Domestic supply chains have never been more important. Rather than remain tied to international shipping routes during shortages and delays, governments are doing everything in their power to develop local lines of supply. But the question remains: can Japan pull it off?
How Will Japan Pay For It?
Herein lies our first issue. Japan’s debt has rapidly increased over the past few years, and the semiconductor industry will need roughly a trillion yen—US$9bn—in this fiscal year alone. This cost, however, pales in comparison to what Japan could lose if it fails to keep up with Europe and the US. Both nations have launched aggressive funding measures to revive their local semiconductor industries. And if Japan refuses to invest due to its debt, it could slow down progress in fields ranging from artificial intelligence to autonomous driving.

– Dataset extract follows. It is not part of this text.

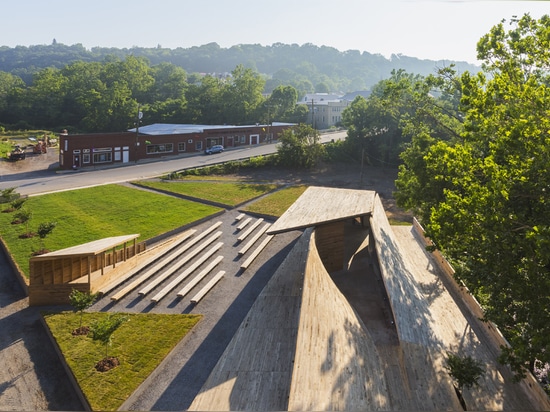 View from the Masonic Theatre ( Photo © : Jeff Goldberg/Esto )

According to Tetsuro Higashi, the former president of Tokyo Electron and Japan’s top government advisor in semiconductor strategy, ‘If we miss this opportunity now, there may not be another one’. Yet one advanced wafer fabrication factory can cost more than US$10bn, and any money poured into the industry will go fast. That’s why Japan, rather than invest trillions and trillions in failing domestic firms, is considering a second option.
What Do They Plan To Do?
Japan now intends to look abroad and convince overseas chip foundries to come to its shores. Its past failures mostly centred on trying to merge domestic firms that were already going through tough times. ‘This sort of made-in-Japan self-reliance approach hasn’t worked out well’, said Kazumi Nishikawa, a director at the Ministry of Economy, Trade, and Industry’s IT division. ‘This time the goal is to offer a strong incentive for an overseas logic foundry to come to Japan’.

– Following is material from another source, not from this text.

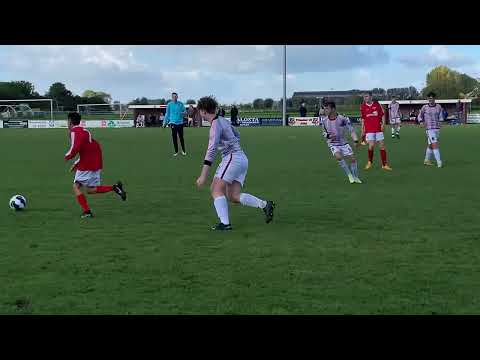 “BZC’14 JO15-1”-“SC Everstein JO15-1” 1 half deel 1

As follows, Japan will now reach out to industry partners and leaders in other countries, including the industry heavyweight Taiwan Semiconductor Manufacturing Co. (TSMC), to build Japanese bases. According to the South China Morning Post, the heart of Japan’s mission is a US$337.2mn research and development project in Tsukuba that will involve TSMC and more than 20 Japanese firms. ‘I think we need to cooperate with our overseas counterparts’, said Akira Amari, a senior member of the ruling Liberal Democratic Party. ‘[And] TSMC is the world’s top logic chipmaker’.
Indeed, if that’s Japan’s strategy, the future looks bright. TSMC recently set up a venture near Tokyo to research energy-efficient 3D chips with several Japanese partners. And in the future, the multinational chipmaker may consider expanding its Japanese operations—that is, if government incentives pave the path forward.